Task brief: Reproduce verbatim the line where "Imagem de Kit" occurs, along with all following lines down to the last line of the data.

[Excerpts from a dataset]
************

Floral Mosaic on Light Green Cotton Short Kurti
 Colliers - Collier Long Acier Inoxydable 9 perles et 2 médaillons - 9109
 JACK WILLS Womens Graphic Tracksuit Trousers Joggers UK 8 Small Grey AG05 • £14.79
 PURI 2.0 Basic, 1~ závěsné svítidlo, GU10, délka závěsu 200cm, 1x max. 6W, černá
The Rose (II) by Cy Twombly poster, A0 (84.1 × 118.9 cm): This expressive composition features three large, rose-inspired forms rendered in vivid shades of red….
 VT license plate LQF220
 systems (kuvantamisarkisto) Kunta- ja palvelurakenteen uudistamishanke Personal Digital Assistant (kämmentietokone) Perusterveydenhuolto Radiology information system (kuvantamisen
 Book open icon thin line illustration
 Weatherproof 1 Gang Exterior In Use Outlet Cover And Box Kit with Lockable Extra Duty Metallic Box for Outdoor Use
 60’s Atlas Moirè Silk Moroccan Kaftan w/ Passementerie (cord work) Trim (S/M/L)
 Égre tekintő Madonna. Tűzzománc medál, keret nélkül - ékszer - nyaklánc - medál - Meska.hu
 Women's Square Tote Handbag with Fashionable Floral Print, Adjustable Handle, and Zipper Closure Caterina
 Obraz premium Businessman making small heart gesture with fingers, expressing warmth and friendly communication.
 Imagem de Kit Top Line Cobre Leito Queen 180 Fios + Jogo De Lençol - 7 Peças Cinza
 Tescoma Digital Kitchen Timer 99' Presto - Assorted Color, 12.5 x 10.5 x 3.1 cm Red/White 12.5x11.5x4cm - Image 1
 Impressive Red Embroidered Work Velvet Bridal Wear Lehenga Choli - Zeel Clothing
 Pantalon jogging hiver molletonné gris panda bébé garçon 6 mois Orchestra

************

Reply to the task:
 Imagem de Kit Top Line Cobre Leito Queen 180 Fios + Jogo De Lençol - 7 Peças Cinza
 Tescoma Digital Kitchen Timer 99' Presto - Assorted Color, 12.5 x 10.5 x 3.1 cm Red/White 12.5x11.5x4cm - Image 1
 Impressive Red Embroidered Work Velvet Bridal Wear Lehenga Choli - Zeel Clothing
 Pantalon jogging hiver molletonné gris panda bébé garçon 6 mois Orchestra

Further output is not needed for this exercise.